Our arrival in Napoli, was perfectly Neapolitan. To begin, our cab driver overcharged us. Even though we knew the fixed price that we were supposed to pay, he assured us that there were other added tariffs that we did not know about. He told us that it would be fine, and just to get in. My mother seemed to think this was fine as well, so she shooed us into the cab and proceeded to chit-chat with him, in Italian, about life in Napoli. The cab driver was nice and friendly, but also managed to offer us a "special" guided tour of Pompeii and the coast, if we were looking for a driver/tour guide. (This would be the first of many enterprising offers...I cant say I don't admire his ambition).

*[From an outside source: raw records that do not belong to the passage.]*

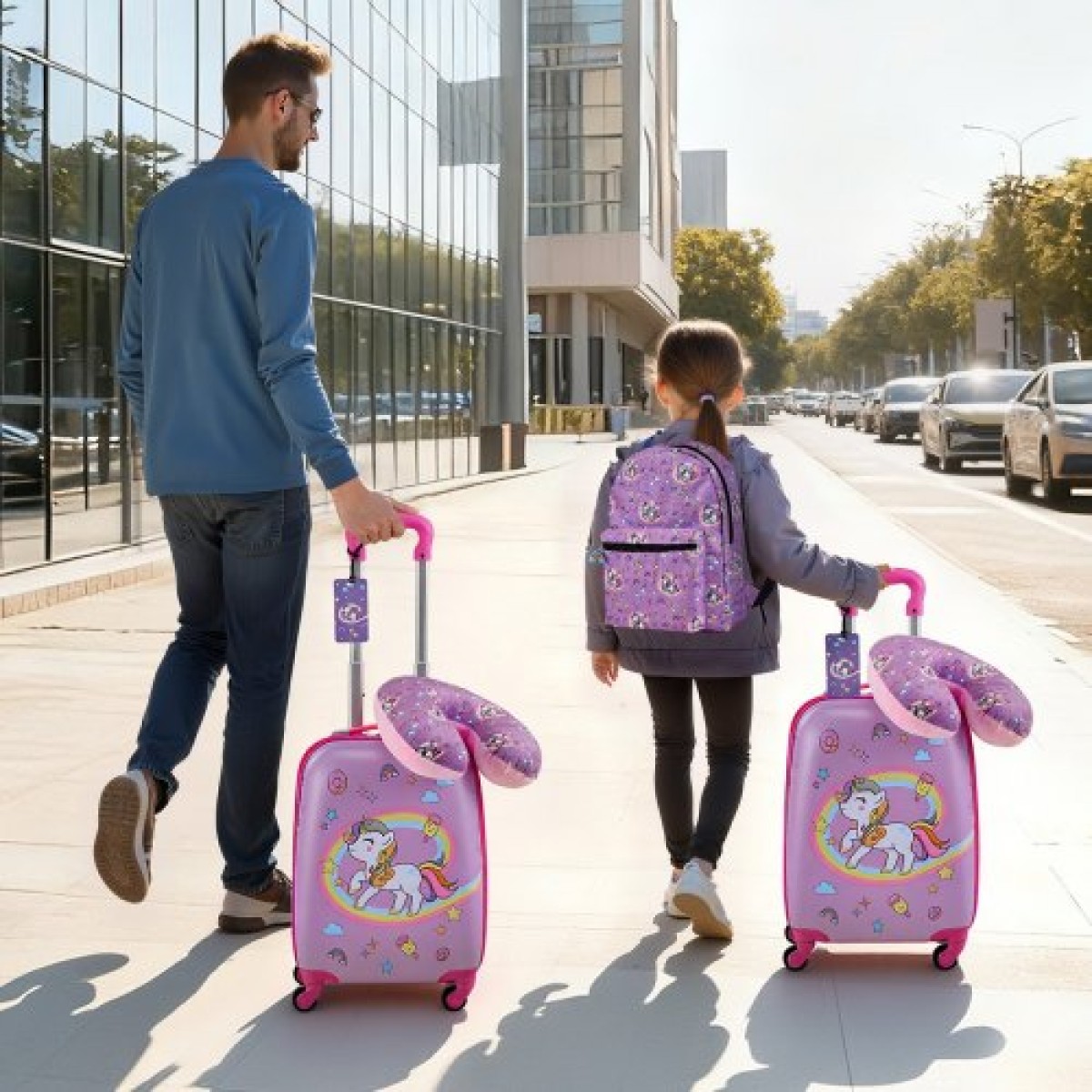 VEVOR Παιδικό Σετ αποσκευών, 5 τεμαχίων, 45,7 εκ. Βαλίτσα με σακίδιο πλάτης & μαξιλάρι σε σχήμα U, σετ αποσκευών μονόκερος, δώρο γενεθλίων για κορίτσια, αγόρια, εγκεκριμένη αεροπορική εταιρεία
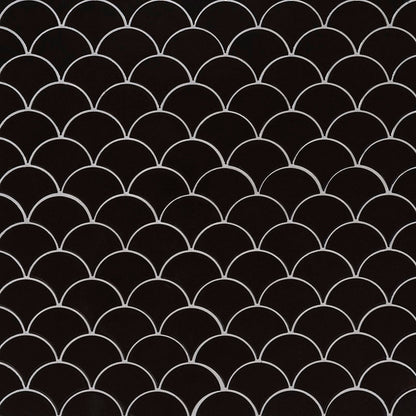MS International Domino 12" x 12" Scallop Glossy Black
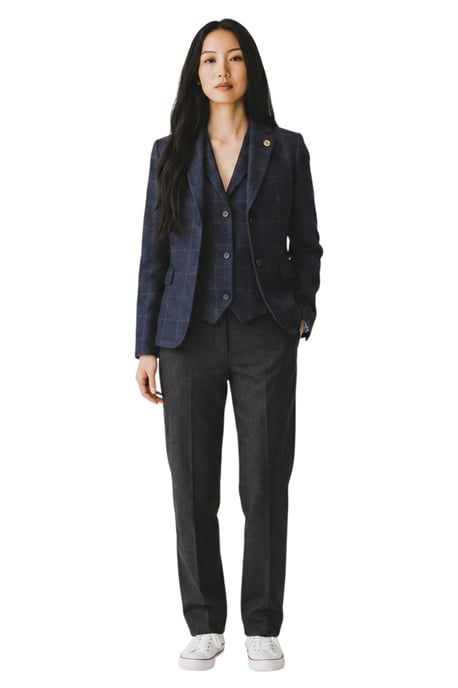 Damen-Marineblau zweiteiliger karierter formeller Tweed-Blazer und Westenset – TPSTZ-7 - Image 2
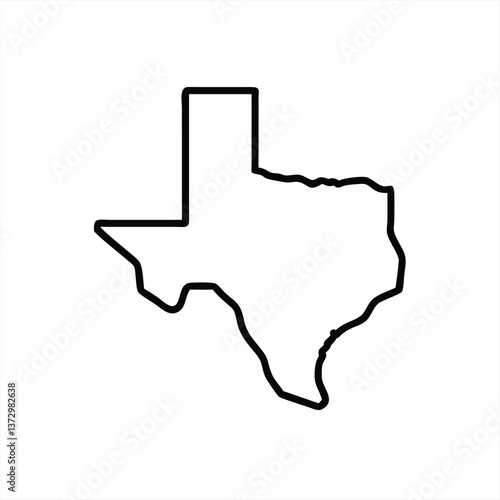Outline of the state of Texas displayed in a clean vector format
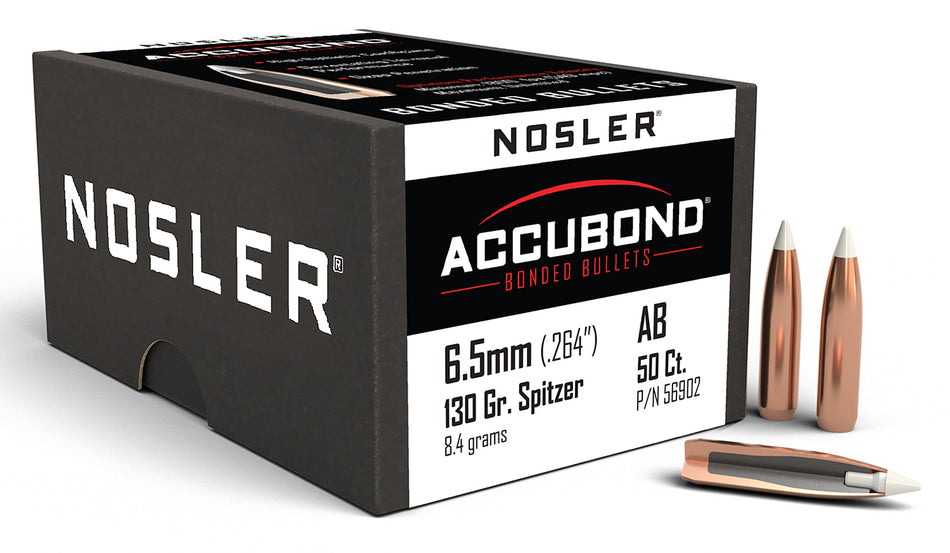 Nosler 56902 AccuBond 6.5 Creedmoor 130gr Spitzer Point Hunting Bullets 50/Box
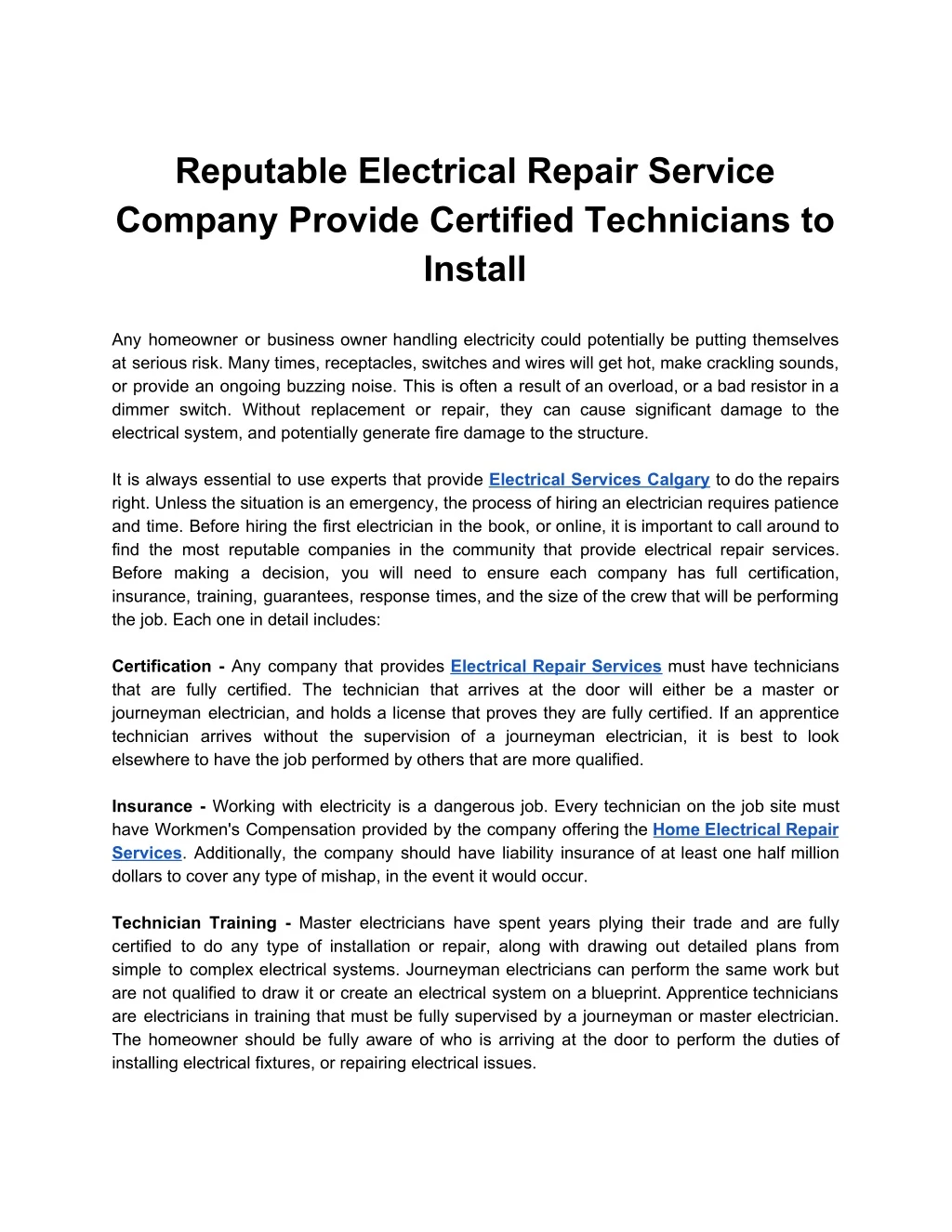 reputable electrical repair service company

As we completed our third circle of the "Centro Storico" historic center of the city, where our hotel was located, our cab driver pulled over and told us that we were very close but that he could not get down the narrow street to our hotel, so we had to exit the car here and now. (And here began our trek to the hotel.) He managed to drop us in the absolute MOST crowded street in ALL of Naples.
Dragging our suitcases behind us, we inched along down a narrow cobbled street where masses of people were crowded along to look at all of the "Presepe" sellers (nativity scenes). This was my lesson (and lesson learned!) about how enthralled Naples is with creating their personal nativity scenes. But this was not just any crowded street, we were literally stuck in a swarm of people and could... not... move. People that were coming up the street could not go up, and people going down could not go down. The only person that actually somehow managed to get through was a crazy man swinging a metal container of incense coals and blessing us all.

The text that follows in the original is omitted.